When we first got married, my wife and I made a decision to go to bed together at the same time. We had been told by more than one person that schedules can get hectic and bed time can help us reconnect daily. And we believed it.
For the first few months, we disciplined ourselves, and it wasn’t easy. During that first year, we both were working full time, and I was getting my Master’s degree from a school an hour away from where we lived. It didn’t matter if one of us worked late or if I had homework, we made it a point to go to bed at the same time, every night.
Until that one night, in the middle of the semester.
That’s going to happen, by the way. If you’re getting married, and you’re setting up rules to live by, understand that those rules must conform to how you’re living. When we decided to go to bed together, we didn’t quite grasp the idea that both of us were going to be unable to make that commitment all the time. Making a rule that will only end up in unneeded guilt doesn’t help anyone.
So back to the scene.
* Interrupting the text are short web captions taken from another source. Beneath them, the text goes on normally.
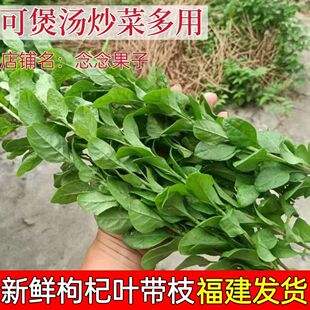 新鲜四季枸杞叶带枝枸杞菜煮汤枸杞嫩叶蔬菜纯叶子农家肥当天采摘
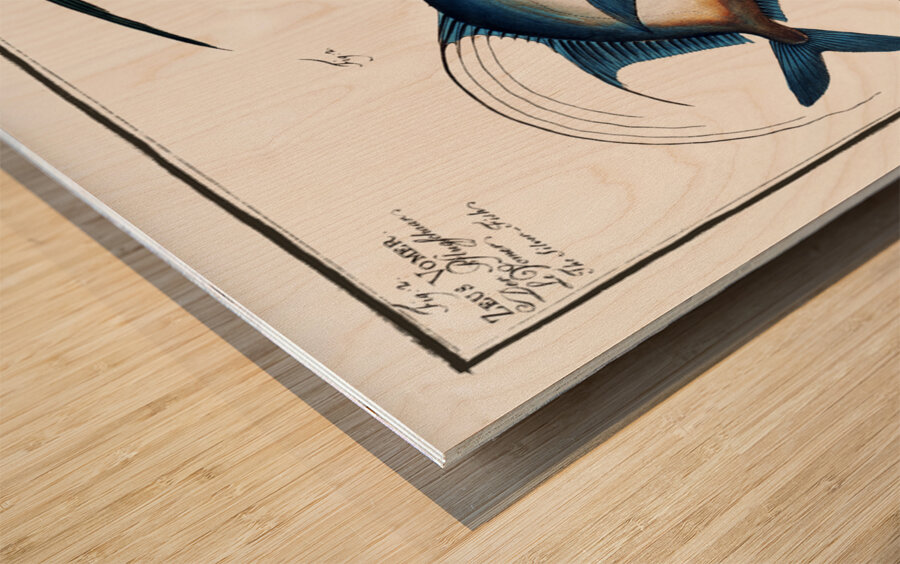 1.Chaetodon aureus 2. Silver Fish Zeus Vomer Wood print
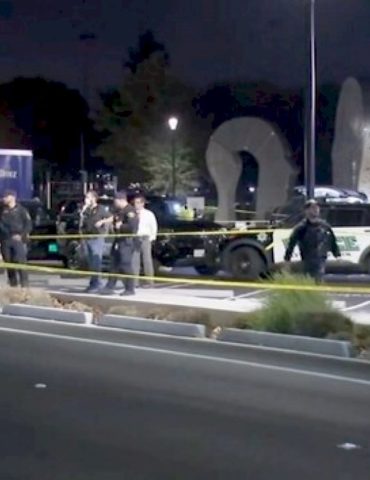 elderly-in-laws-accused-of-killing-new-york-times-games-engineer,-police-say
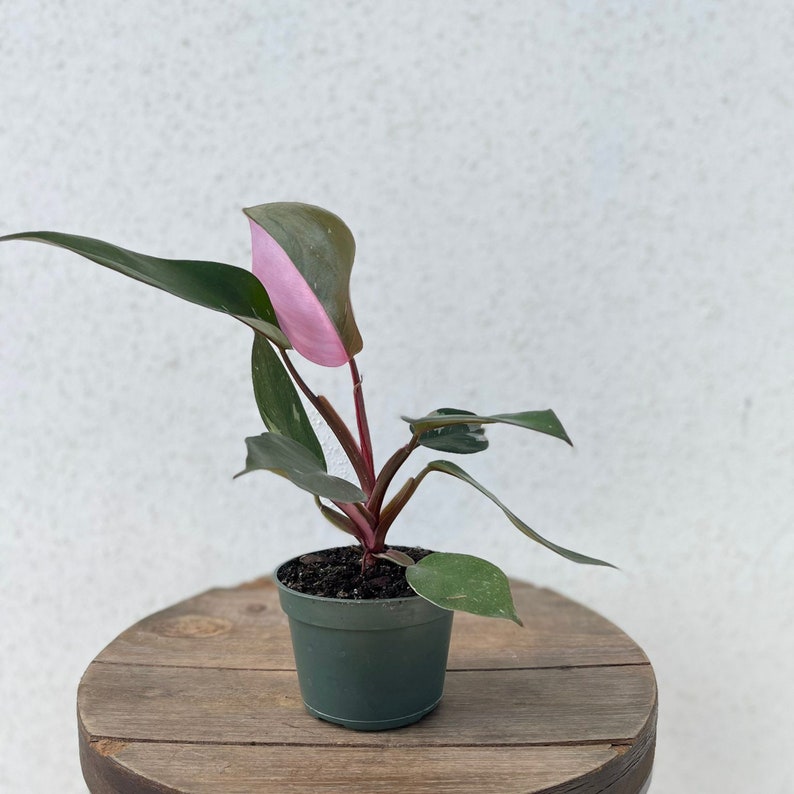 LIVE Philodendron Pink Princess Philo Princess RARE Evergreen Etsy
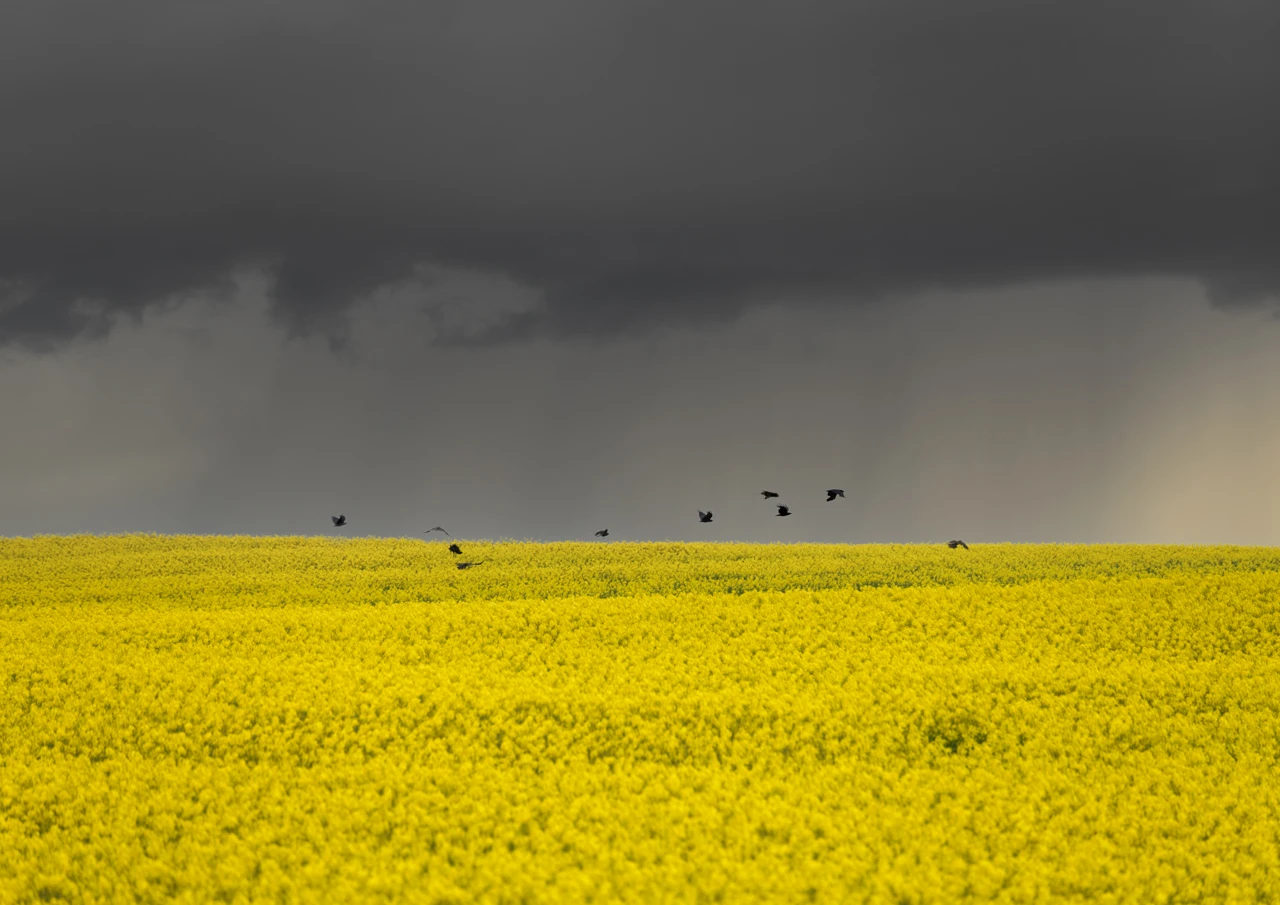 Crows in canola field Crows in a canola field with dark grey skies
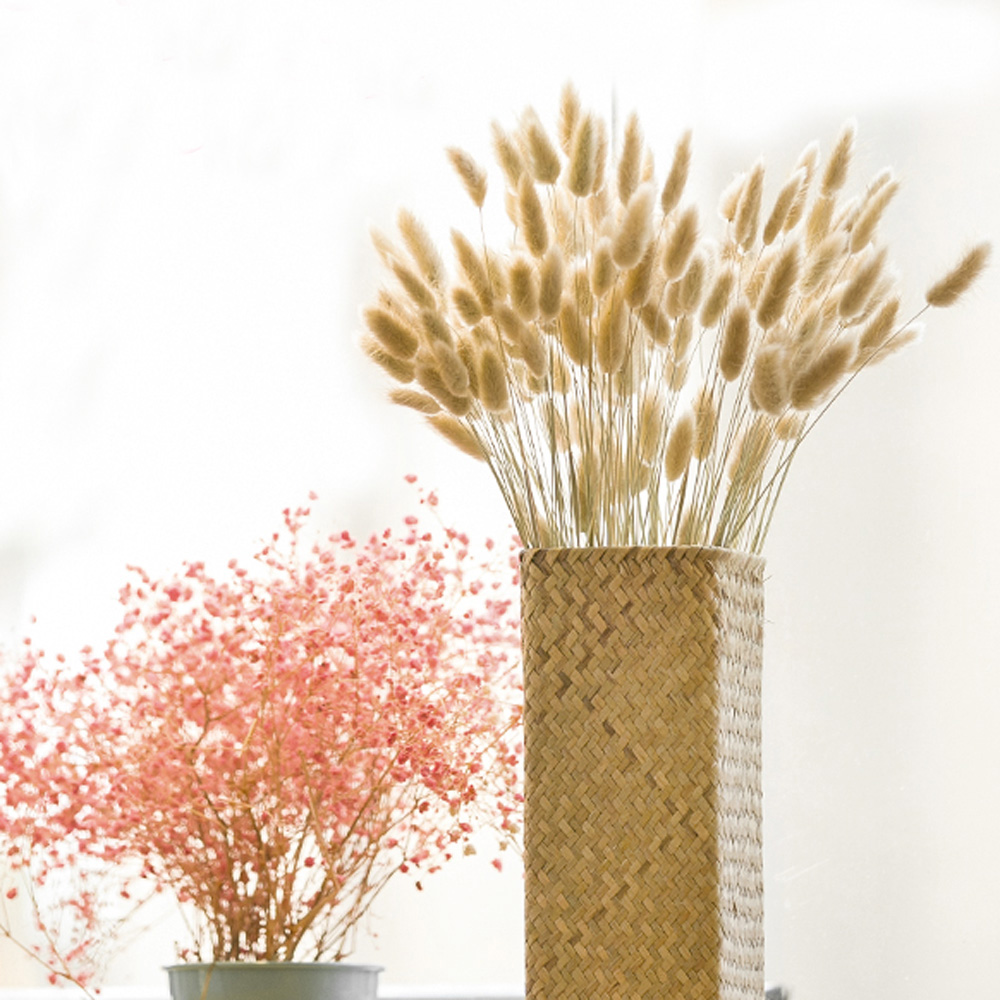 200 stks natuurlijke gedroogde - Dried Flower Bunch recensie en prijs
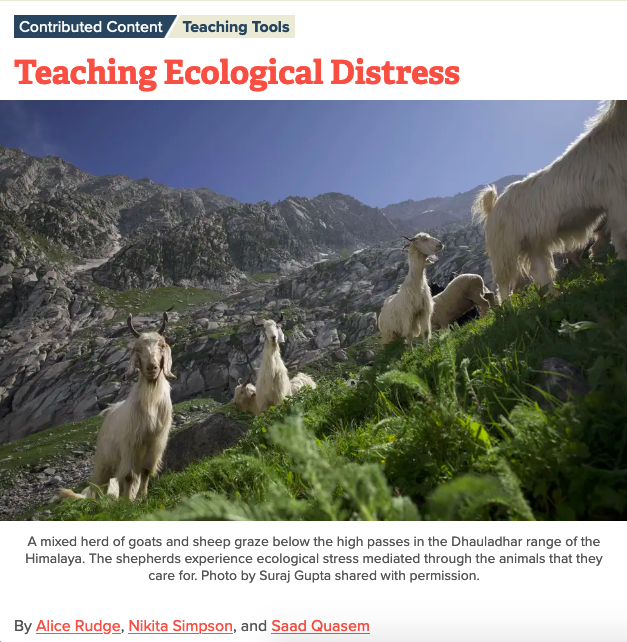 Society for Cultural Anthropology tweet media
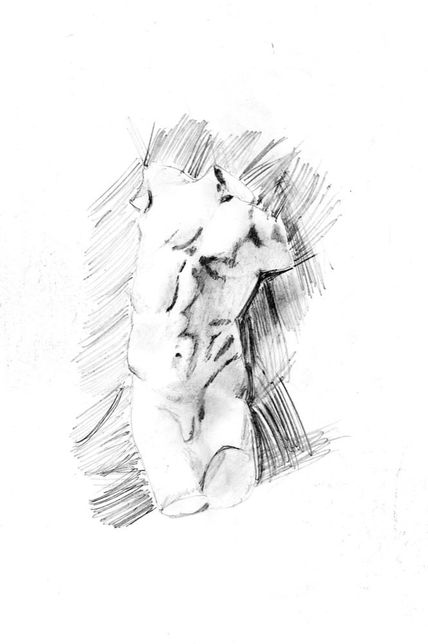 Torso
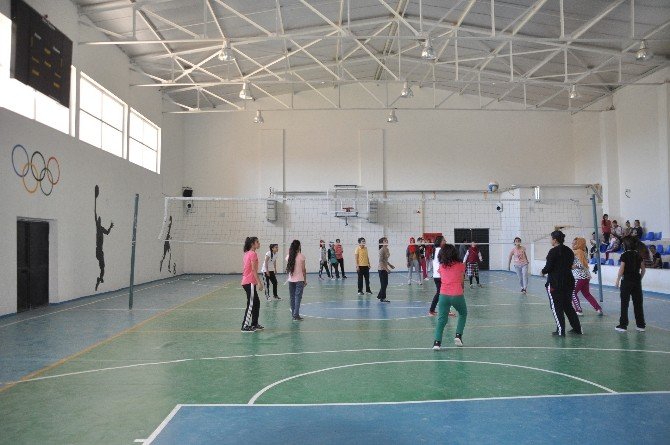 Viranşehir Kız Anadolu Lisesi Özel Okulları Geride Bıraktı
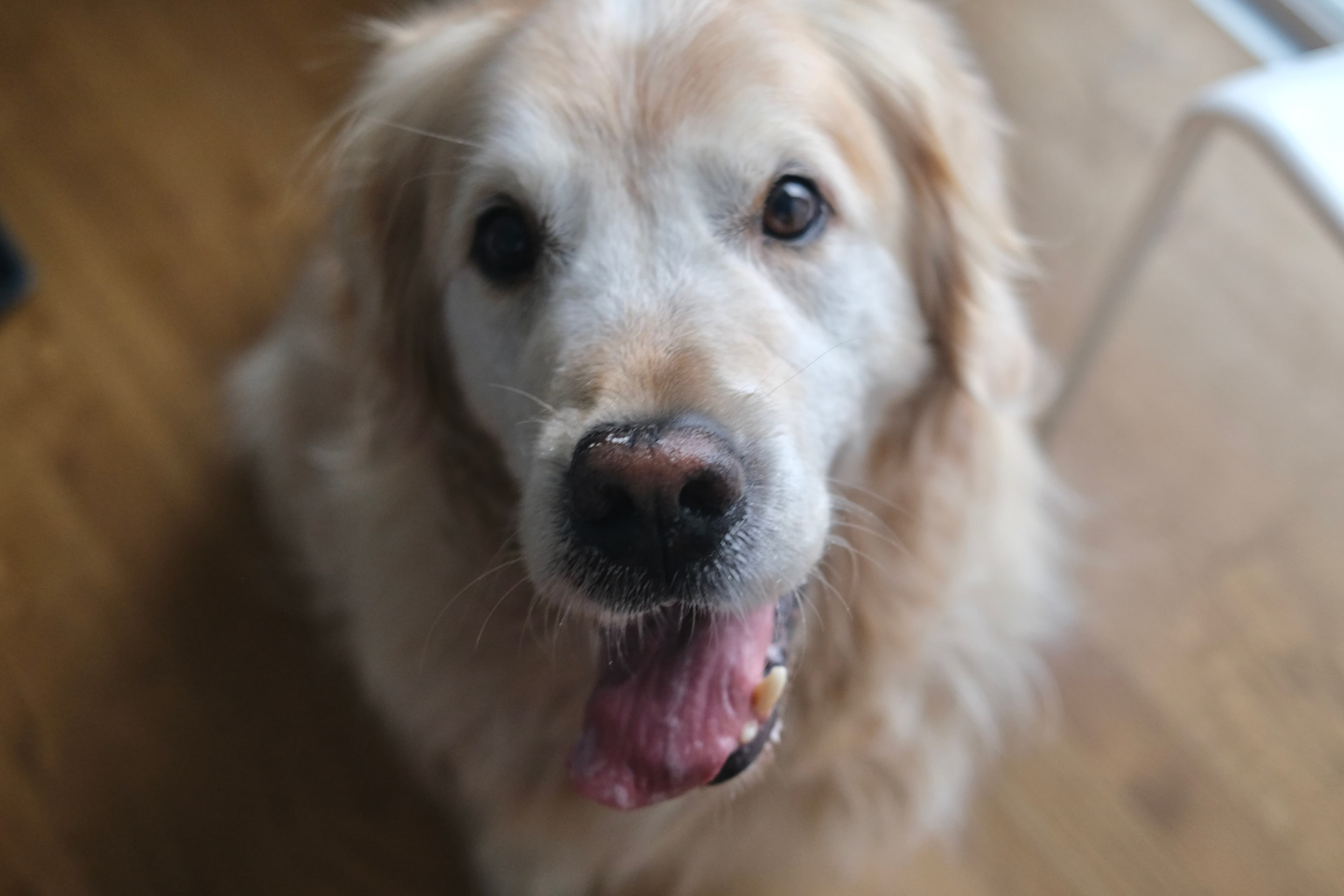 Golden dog looking happily toward the camera
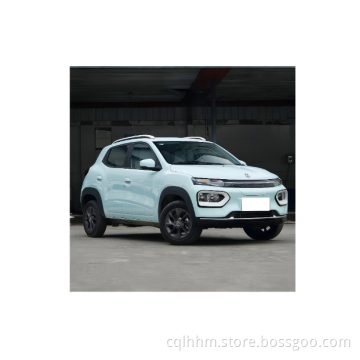 Dongfeng Nano Box EV Pro 2023 SUV Nuova batteria Energia Burcata anteriore Jelly Mini Auto elettrica industriale senza ventole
Sunday had endured a rough day, and I was getting settled into a long night of reading and research.
Then she yawned. She followed that by a stretch, and an even louder yawn. I tried to ignore the staring and the blinking and the loud coughing hints that she was going to bed. I didn’t look up when she came back in the living room, brushing her teeth. I didn’t bat an eye when she leaned over to kiss me good night, wearing her flannel pajamas.
I didn’t get up. I didn’t say anything.